> _Working data_:
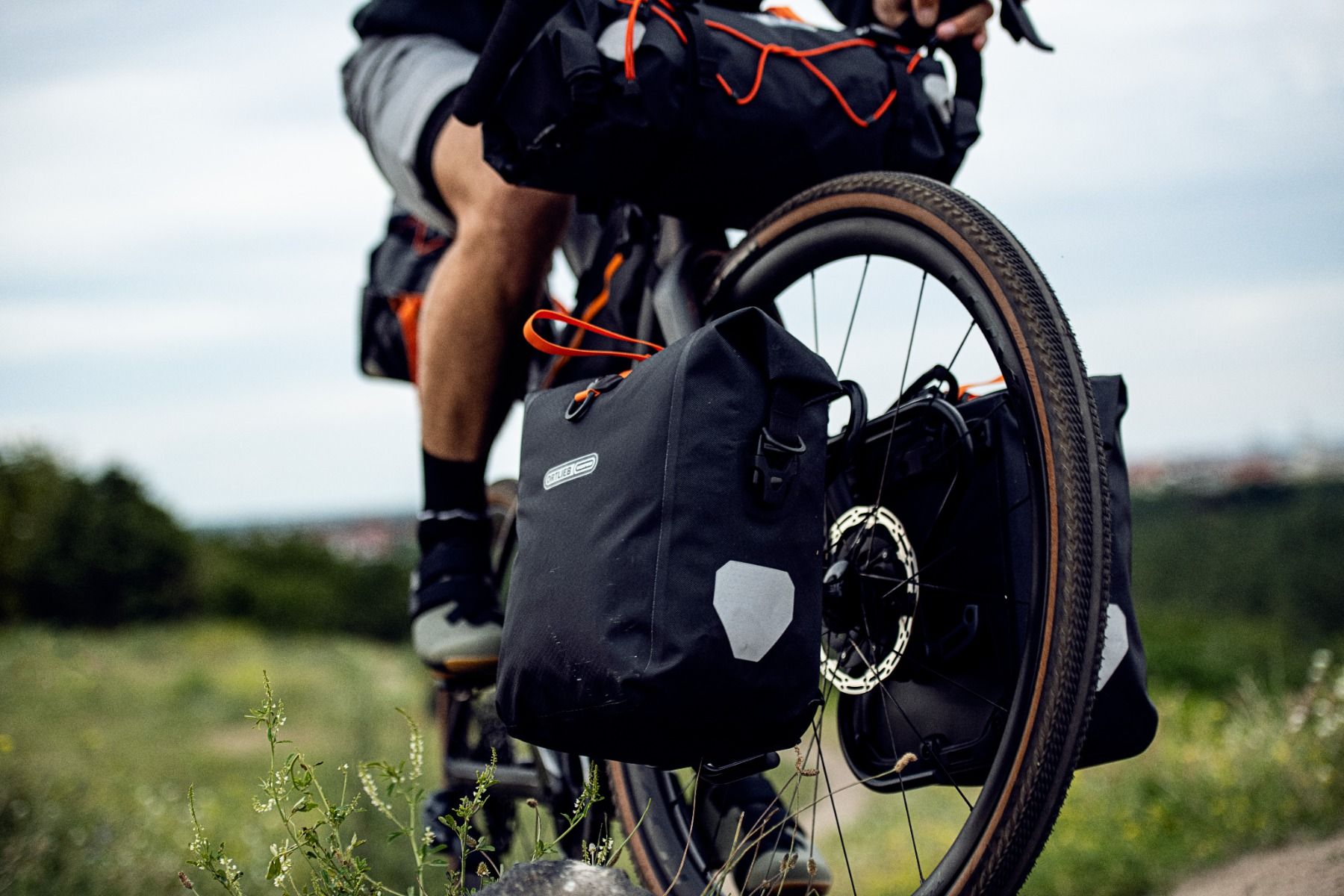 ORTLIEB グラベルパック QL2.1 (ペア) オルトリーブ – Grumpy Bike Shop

...

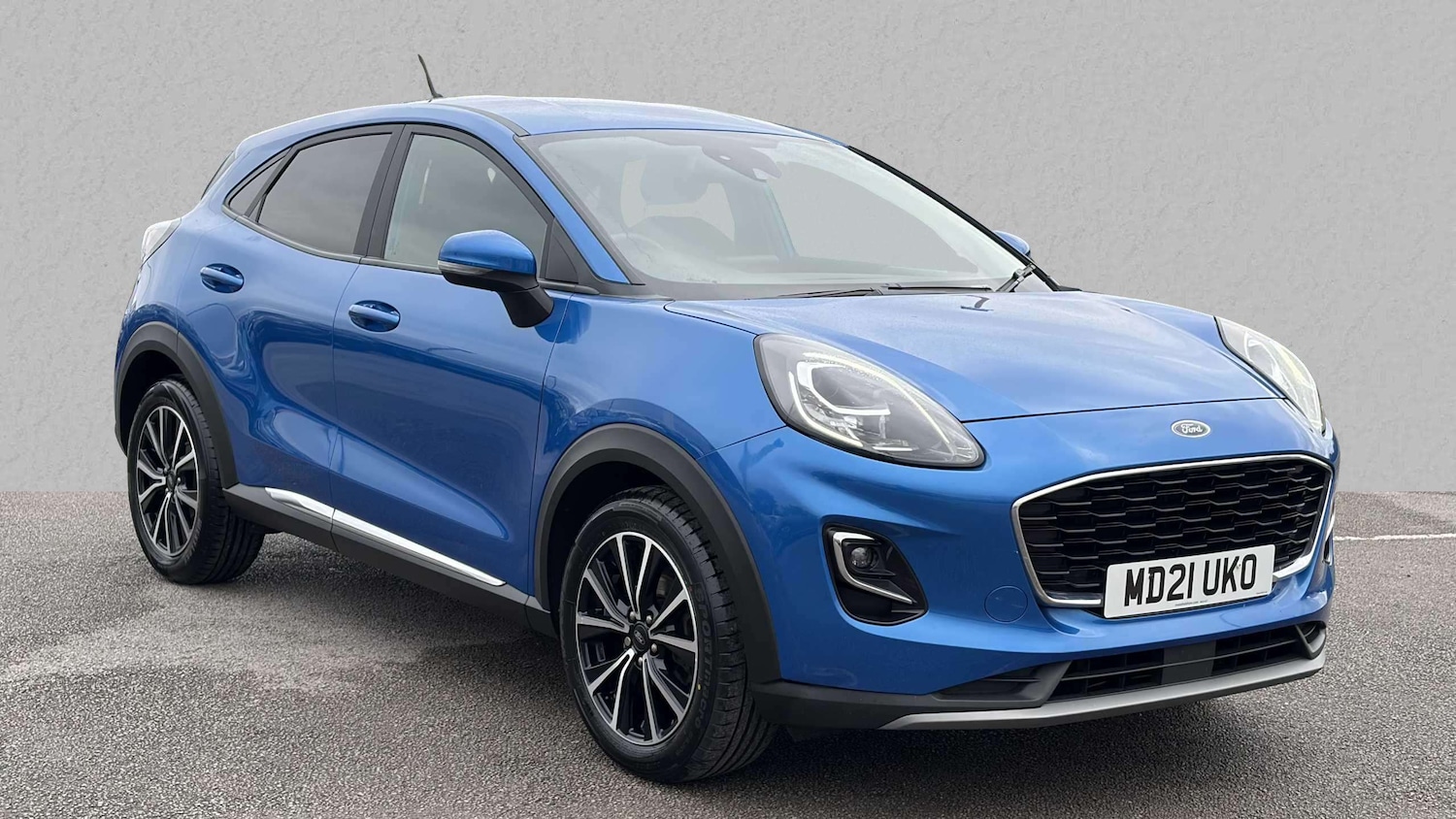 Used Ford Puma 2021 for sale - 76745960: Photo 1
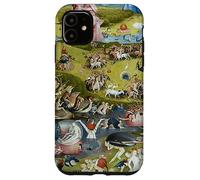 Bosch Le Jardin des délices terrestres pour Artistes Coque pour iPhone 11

> _Exercise directions_: Could you transcribe exactly the entries above, but only the lines from the one with "Used Ford Puma" through the one with "Bosch Le Jardin", and without pictures?

> _Solution_:
 Used Ford Puma 2021 for sale - 76745960: Photo 1
 Bosch Le Jardin des délices terrestres pour Artistes Coque pour iPhone 11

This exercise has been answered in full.